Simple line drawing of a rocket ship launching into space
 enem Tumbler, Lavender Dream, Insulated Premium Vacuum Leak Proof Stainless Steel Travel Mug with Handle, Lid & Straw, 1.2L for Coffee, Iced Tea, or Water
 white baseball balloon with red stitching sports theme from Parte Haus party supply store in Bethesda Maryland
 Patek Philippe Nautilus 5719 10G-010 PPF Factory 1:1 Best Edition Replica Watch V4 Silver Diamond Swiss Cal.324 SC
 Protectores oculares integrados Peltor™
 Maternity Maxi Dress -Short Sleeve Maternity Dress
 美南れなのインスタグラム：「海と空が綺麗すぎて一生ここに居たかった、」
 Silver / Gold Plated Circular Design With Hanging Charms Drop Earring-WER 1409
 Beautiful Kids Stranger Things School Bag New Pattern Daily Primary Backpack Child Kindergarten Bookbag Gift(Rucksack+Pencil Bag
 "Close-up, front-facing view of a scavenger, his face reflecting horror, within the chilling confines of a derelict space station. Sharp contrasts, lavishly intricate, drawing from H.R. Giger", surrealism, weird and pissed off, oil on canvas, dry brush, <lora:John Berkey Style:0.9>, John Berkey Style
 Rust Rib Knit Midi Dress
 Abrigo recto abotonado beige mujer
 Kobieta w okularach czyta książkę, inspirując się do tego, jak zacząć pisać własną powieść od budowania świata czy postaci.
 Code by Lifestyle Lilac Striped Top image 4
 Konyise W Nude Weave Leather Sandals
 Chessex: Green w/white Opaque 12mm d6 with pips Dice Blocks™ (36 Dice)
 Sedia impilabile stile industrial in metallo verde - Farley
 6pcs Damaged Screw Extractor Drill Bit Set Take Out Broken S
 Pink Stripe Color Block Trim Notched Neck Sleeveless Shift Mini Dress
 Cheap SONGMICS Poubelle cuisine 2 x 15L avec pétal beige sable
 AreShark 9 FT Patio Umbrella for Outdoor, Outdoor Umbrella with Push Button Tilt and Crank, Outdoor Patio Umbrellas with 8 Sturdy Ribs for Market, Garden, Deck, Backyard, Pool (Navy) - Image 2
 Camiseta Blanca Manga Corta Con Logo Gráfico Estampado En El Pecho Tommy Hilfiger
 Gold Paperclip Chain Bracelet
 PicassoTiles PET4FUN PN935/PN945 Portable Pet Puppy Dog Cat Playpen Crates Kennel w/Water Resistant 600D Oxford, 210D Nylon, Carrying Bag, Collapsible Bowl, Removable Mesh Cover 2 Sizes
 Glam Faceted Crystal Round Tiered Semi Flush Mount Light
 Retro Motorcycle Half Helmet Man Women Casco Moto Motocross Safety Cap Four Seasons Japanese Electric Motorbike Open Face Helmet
================
TASK DETAILS >>
Beginning with the line above that contains "Patek Philippe Nautilus", copy each line exactly up to and including the line that contains "Beautiful Kids Stranger", and go no further.

ANSWER SECTION >>
 Patek Philippe Nautilus 5719 10G-010 PPF Factory 1:1 Best Edition Replica Watch V4 Silver Diamond Swiss Cal.324 SC
 Protectores oculares integrados Peltor™
 Maternity Maxi Dress -Short Sleeve Maternity Dress
 美南れなのインスタグラム：「海と空が綺麗すぎて一生ここに居たかった、」
 Silver / Gold Plated Circular Design With Hanging Charms Drop Earring-WER 1409
 Beautiful Kids Stranger Things School Bag New Pattern Daily Primary Backpack Child Kindergarten Bookbag Gift(Rucksack+Pencil Bag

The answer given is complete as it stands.